Peki attosaniye bilimi neden bu kadar önemli? diye haklı bir soru gelebilir. Çünkü atomik zaman birimi olan 24 attosaniye (10-18 s – saniyenin milyarda birinin milyarda biri) mertebesine erişildiği takdirde atomların zamana bağlı davranışlarını araştırabilme imkânı doğuyor. Önceki teknolojilerle elde edilen en kısa atım süresi bu mertebeden çok uzaktı: 6 femtosaniye (10-15 s). Yani kabaca 170 kat daha hızlı bir kaynak geliştirilmesi gerekiyordu. 2023 Nobel fizik ödülü attosaniye süreli atımların üretilmesinde farklı aşamalarda katkı sunan üç araştırmacıya verildi. Pierre Agostini atomların şiddetli lazerlerle olan etkileşimini açıklamasına ve attosaniye atım sürelerinin deneysel olarak ölçülmesine, Anne L’Huillier yüksek harmonik üretimi’nin teorik ve deneysel yönlerinin anlaşılmasına ve son olarak Ferenc Krausz atomdan koparılan elektronların dinamiklerini incelenmesine sağladığı katkılardan dolayı ödüle layık görüldü.
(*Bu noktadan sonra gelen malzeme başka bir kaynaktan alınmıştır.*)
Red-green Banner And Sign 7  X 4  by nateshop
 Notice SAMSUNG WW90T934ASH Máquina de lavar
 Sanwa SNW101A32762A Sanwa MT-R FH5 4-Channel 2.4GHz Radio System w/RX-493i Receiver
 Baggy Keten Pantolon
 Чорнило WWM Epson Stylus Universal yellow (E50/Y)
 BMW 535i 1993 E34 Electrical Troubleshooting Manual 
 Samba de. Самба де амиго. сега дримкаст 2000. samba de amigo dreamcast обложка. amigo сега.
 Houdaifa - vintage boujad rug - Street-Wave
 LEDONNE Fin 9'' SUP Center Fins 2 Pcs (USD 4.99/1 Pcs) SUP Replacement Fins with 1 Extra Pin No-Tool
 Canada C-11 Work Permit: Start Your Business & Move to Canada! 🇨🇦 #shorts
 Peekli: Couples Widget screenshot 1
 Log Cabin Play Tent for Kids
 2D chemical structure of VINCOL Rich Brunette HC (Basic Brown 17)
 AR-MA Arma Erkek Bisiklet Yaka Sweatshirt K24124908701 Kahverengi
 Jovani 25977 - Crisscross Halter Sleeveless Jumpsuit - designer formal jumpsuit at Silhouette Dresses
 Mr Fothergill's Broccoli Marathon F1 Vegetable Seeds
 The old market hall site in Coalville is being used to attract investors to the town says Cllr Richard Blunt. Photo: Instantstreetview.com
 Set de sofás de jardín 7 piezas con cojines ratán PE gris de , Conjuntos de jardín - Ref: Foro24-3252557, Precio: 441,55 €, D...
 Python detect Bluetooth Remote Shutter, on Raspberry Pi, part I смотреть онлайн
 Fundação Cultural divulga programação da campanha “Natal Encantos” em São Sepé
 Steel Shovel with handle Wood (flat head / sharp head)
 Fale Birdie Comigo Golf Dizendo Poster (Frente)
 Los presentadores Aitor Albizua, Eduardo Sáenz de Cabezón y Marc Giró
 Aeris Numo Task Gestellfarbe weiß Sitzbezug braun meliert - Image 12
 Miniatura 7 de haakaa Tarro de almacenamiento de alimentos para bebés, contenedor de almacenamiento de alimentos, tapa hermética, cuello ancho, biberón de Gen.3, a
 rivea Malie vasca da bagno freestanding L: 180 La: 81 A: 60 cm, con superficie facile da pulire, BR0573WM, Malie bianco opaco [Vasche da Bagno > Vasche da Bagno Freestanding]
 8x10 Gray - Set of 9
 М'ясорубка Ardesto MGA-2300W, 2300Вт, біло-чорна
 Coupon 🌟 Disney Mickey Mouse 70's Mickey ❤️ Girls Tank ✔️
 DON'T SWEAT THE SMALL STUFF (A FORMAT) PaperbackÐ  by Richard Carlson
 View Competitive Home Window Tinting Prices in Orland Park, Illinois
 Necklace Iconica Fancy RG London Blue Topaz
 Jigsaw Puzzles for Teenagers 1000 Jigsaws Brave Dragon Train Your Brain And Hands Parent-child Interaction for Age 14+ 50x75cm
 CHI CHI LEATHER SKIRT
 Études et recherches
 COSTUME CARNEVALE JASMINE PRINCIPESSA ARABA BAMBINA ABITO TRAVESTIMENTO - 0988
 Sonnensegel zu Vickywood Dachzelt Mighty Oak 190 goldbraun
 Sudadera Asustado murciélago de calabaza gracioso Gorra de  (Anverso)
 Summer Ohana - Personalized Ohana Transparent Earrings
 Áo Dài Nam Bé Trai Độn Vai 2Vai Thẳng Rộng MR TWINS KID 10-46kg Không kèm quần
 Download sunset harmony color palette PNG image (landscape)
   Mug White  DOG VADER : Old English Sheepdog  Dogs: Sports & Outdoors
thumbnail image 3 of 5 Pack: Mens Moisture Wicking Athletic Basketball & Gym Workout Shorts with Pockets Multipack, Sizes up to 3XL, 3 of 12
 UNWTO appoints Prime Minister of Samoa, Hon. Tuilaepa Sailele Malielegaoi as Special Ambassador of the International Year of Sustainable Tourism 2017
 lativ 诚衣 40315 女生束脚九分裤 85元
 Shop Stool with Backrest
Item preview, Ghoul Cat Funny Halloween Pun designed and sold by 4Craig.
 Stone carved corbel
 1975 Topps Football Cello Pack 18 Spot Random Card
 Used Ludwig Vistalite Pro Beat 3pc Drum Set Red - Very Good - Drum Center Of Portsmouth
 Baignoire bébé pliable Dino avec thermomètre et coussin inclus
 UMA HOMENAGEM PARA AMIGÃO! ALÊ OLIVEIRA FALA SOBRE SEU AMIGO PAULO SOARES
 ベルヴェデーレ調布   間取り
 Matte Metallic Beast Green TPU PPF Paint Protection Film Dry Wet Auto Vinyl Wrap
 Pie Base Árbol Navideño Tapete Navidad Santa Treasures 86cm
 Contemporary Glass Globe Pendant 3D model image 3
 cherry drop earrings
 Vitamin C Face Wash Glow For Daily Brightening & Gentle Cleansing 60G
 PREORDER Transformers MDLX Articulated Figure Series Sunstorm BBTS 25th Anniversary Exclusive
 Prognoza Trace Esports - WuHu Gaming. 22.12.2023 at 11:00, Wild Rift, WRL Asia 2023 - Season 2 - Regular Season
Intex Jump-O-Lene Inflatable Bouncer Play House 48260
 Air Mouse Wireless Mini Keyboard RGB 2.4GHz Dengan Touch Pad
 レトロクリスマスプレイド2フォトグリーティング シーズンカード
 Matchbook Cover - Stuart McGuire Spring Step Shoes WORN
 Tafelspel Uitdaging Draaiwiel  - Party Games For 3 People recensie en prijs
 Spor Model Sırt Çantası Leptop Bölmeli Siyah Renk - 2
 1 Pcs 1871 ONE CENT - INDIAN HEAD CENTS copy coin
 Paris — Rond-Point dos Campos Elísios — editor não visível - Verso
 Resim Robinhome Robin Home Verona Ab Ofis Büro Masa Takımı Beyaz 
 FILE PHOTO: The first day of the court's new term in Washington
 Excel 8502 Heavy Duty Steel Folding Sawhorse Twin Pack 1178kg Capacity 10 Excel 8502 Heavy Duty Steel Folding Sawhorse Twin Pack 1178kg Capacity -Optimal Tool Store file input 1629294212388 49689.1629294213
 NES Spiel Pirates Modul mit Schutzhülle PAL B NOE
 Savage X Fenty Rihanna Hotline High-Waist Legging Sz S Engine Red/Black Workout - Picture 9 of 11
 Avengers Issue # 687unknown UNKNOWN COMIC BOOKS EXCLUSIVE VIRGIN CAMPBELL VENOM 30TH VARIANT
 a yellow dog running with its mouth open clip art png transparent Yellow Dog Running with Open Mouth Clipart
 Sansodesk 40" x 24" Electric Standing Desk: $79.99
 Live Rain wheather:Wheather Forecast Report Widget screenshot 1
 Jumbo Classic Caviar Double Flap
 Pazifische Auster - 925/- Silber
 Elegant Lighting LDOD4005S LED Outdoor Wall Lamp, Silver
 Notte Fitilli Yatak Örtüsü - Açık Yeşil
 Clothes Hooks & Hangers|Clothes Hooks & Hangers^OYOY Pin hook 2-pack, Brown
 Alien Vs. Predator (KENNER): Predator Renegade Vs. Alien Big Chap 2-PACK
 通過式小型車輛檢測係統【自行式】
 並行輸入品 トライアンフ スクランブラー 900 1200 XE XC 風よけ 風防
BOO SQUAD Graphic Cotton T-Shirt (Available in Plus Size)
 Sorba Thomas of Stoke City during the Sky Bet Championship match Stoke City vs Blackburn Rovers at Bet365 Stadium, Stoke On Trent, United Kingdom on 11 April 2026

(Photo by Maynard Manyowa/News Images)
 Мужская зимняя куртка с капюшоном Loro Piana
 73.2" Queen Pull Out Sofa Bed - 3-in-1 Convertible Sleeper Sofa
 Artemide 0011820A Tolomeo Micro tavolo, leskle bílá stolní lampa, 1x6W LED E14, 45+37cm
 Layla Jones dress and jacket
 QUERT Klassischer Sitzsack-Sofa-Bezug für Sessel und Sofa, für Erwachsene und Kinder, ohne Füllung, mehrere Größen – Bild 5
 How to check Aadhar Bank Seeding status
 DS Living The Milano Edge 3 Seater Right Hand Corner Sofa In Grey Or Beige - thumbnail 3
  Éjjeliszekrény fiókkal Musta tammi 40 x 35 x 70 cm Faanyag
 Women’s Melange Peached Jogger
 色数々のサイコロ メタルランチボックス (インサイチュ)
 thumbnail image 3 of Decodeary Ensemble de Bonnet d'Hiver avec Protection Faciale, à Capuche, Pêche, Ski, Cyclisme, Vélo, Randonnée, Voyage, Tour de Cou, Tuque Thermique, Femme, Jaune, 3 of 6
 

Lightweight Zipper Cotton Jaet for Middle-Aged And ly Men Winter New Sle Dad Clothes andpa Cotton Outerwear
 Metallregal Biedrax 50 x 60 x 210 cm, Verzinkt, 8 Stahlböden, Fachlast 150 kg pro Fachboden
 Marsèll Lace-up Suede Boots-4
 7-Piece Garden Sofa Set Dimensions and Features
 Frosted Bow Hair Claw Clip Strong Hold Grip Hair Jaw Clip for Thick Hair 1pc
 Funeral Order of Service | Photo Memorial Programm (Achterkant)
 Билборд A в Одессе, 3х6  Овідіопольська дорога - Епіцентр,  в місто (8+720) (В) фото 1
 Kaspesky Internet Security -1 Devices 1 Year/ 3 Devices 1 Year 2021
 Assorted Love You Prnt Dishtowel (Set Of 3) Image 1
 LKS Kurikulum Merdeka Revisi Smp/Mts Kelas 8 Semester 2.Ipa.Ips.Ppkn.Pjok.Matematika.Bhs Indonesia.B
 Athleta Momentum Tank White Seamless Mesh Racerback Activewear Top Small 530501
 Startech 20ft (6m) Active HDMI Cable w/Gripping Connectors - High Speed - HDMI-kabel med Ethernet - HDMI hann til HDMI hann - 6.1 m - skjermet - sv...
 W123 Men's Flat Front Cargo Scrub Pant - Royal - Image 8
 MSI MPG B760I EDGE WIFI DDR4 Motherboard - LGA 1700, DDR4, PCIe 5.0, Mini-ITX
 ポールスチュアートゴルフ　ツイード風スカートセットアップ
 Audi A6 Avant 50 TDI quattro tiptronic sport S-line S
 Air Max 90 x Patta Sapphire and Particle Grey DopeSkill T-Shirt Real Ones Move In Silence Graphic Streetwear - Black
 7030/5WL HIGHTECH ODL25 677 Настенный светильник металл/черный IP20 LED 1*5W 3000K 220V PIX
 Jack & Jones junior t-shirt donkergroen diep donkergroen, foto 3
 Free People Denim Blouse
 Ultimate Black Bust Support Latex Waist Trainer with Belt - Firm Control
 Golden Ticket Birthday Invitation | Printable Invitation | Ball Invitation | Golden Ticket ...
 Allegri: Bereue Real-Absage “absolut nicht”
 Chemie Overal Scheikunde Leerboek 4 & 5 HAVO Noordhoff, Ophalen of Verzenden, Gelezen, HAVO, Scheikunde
Lazerin keşfinden günümüze neler oldu?
Lazerler icat edildiğinden bu yana verilen Nobel ödüllerine dikkatli baktığımızda başta ultra-hızlı lazer spektroskopisi, optik cımbızlama, süper çözünürlüklü mikroskopi ve optik metroloji gibi alanlarda çığır açan tekniklerin de aralarında bulunduğu toplamda dokuz ödülün alınmasına katkı sağladığının da altını çizelim. Gözünüzü daha da korkutmadan filmi biraz başa saralım ve lazerlerin icat edildiği yıllara dönelim. Çünkü lazerleri normal ışık kaynaklarından ayıran yönlü (directional), tek renkli (monochromatic) ve eş-fazlı (coherent) özelliklerinden dolayı o güne kadar yapılması mümkün olmayan deneylerin gerçekleştirilmesi mümkün olmuştu. Lazerlerin çalışma prensibinin temelleri 1960’tan tam 50 yıl önce Bohr atom modelinin başarılı bir şekilde hidrojen atomunda gözlenen Balmer serisi olarak da bilinen temel enerji geçişlerini tahmin etmesiyle atıldı. Devam eden yıllarda enerjinin atomik ölçülere yaklaştığında kesikli (quantized) bir hal aldığı deneylerle gösterilmişti ama kuramsal yöntemlerle tam anlamıyla açıklanamıyordu.[1]Kuantum mekaniğinin anlaşılma sürecini Ali Alpar’ın yazılarından okuyabilirsiniz.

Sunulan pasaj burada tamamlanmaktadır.